• [Problem requirements] Would you please set down the data again exactly as given, excluding the pictures?

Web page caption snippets
_ _ _

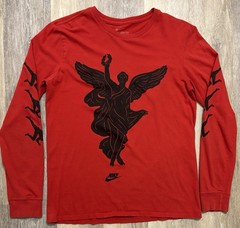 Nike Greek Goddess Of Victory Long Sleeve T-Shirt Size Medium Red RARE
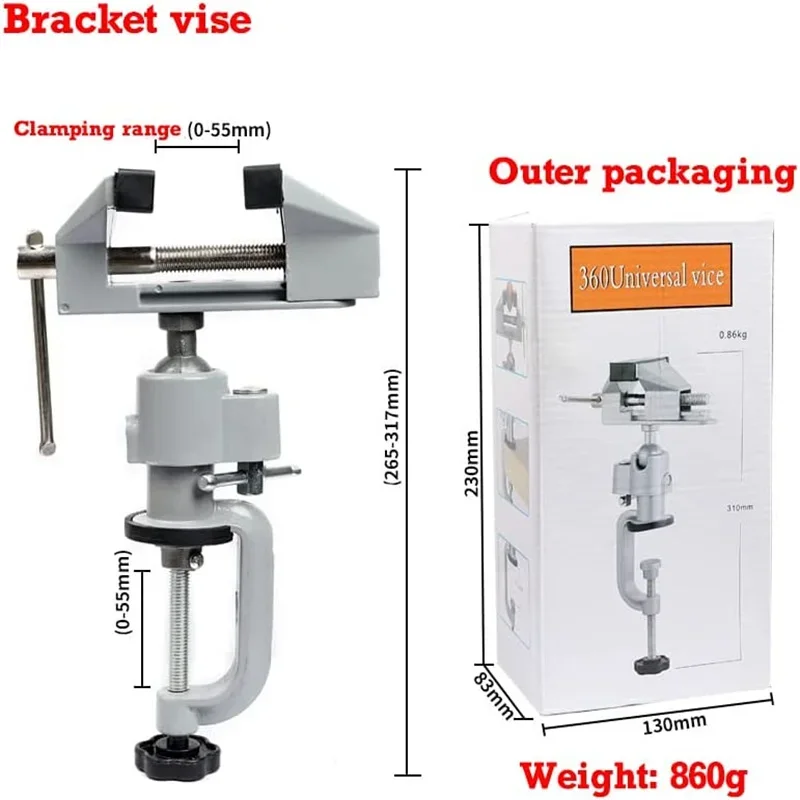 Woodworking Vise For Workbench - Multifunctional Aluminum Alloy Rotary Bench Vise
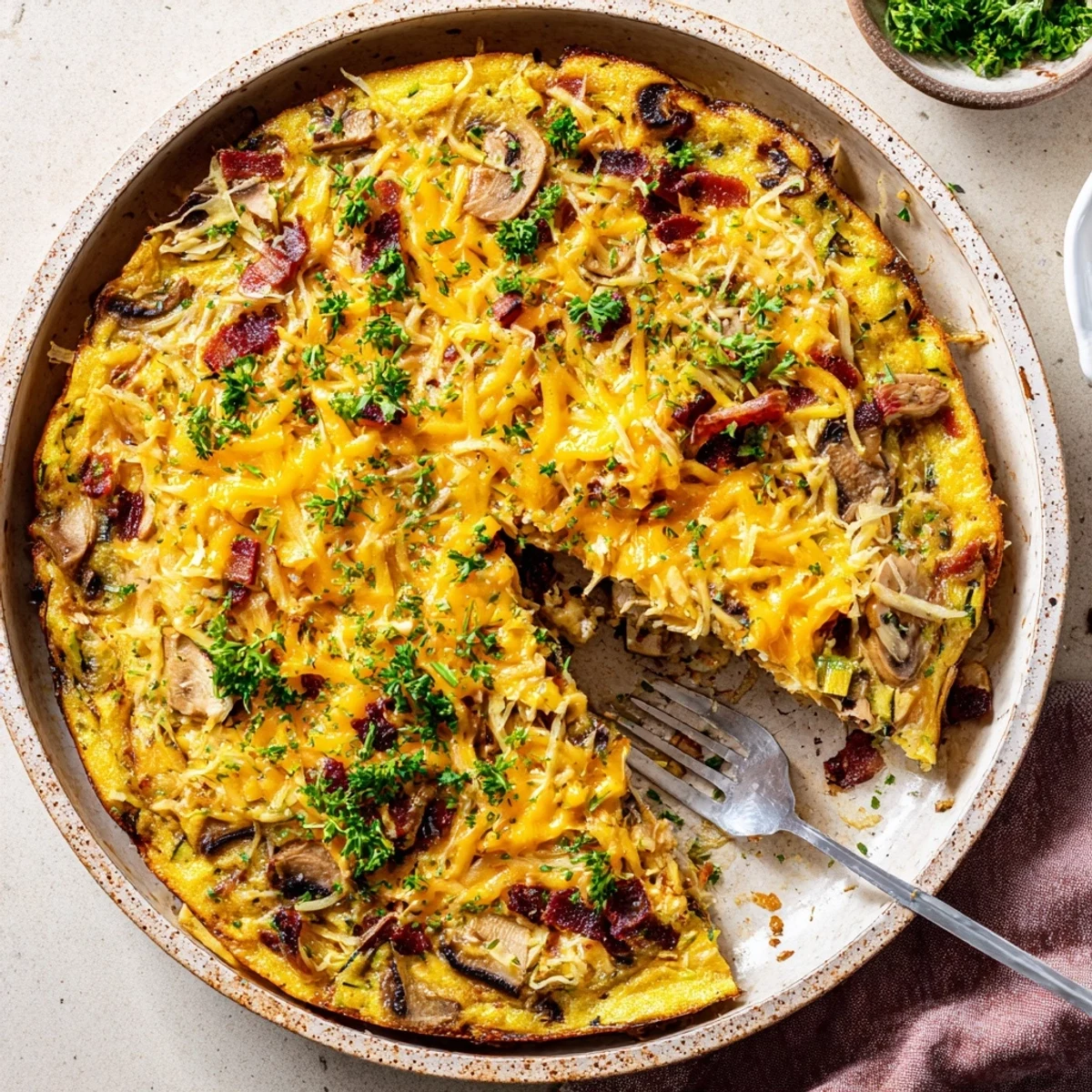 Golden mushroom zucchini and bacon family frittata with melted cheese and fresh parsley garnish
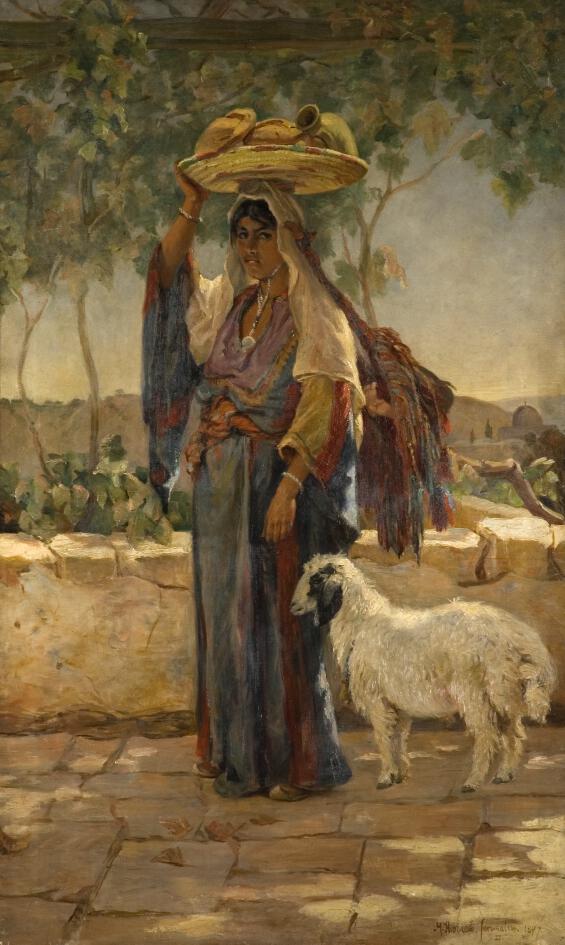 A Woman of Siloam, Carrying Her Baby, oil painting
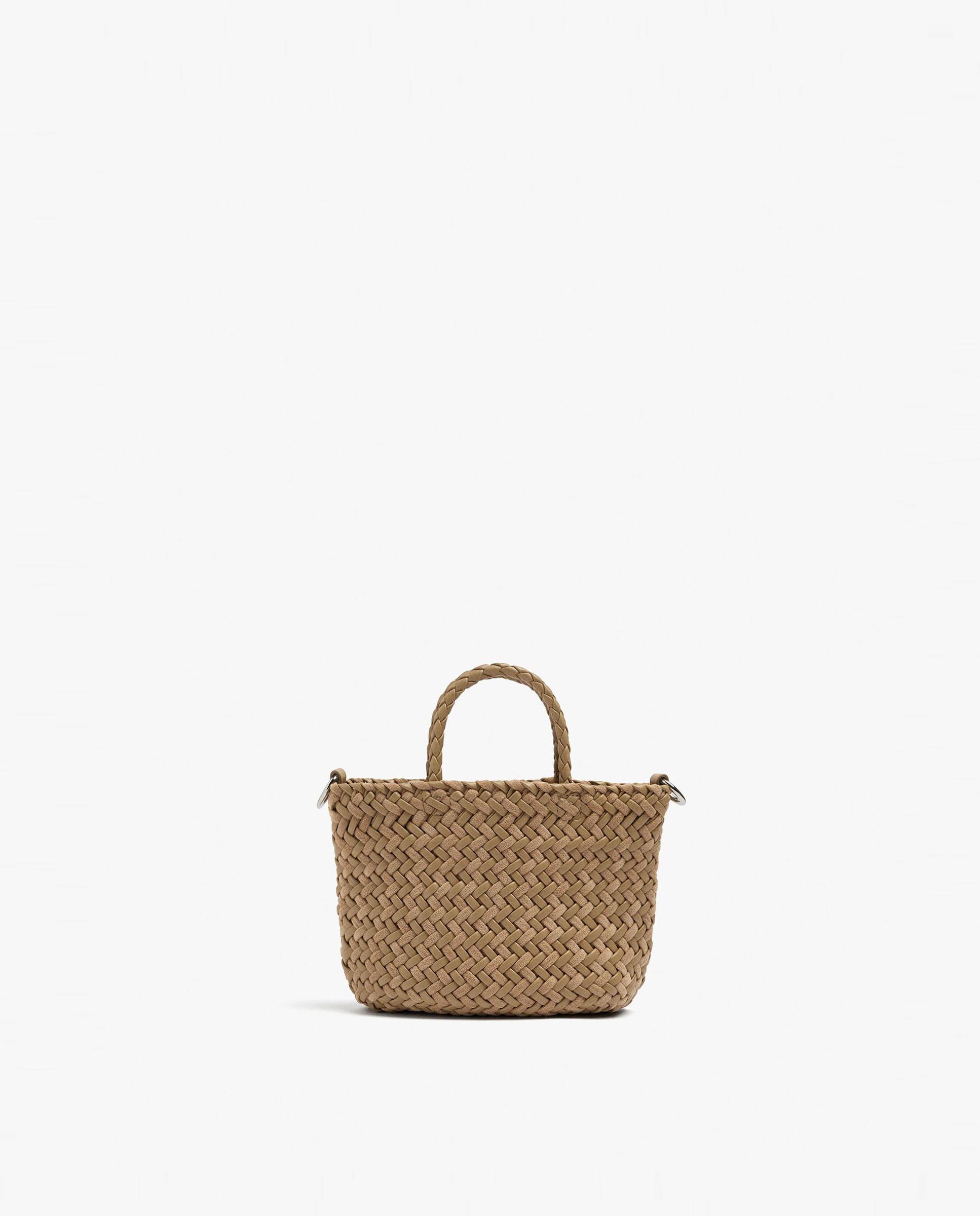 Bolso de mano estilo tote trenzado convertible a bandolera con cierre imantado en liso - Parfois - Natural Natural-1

_ _ _

• [Your response]
 Nike Greek Goddess Of Victory Long Sleeve T-Shirt Size Medium Red RARE
 Woodworking Vise For Workbench - Multifunctional Aluminum Alloy Rotary Bench Vise
 Golden mushroom zucchini and bacon family frittata with melted cheese and fresh parsley garnish
 A Woman of Siloam, Carrying Her Baby, oil painting
 Bolso de mano estilo tote trenzado convertible a bandolera con cierre imantado en liso - Parfois - Natural Natural-1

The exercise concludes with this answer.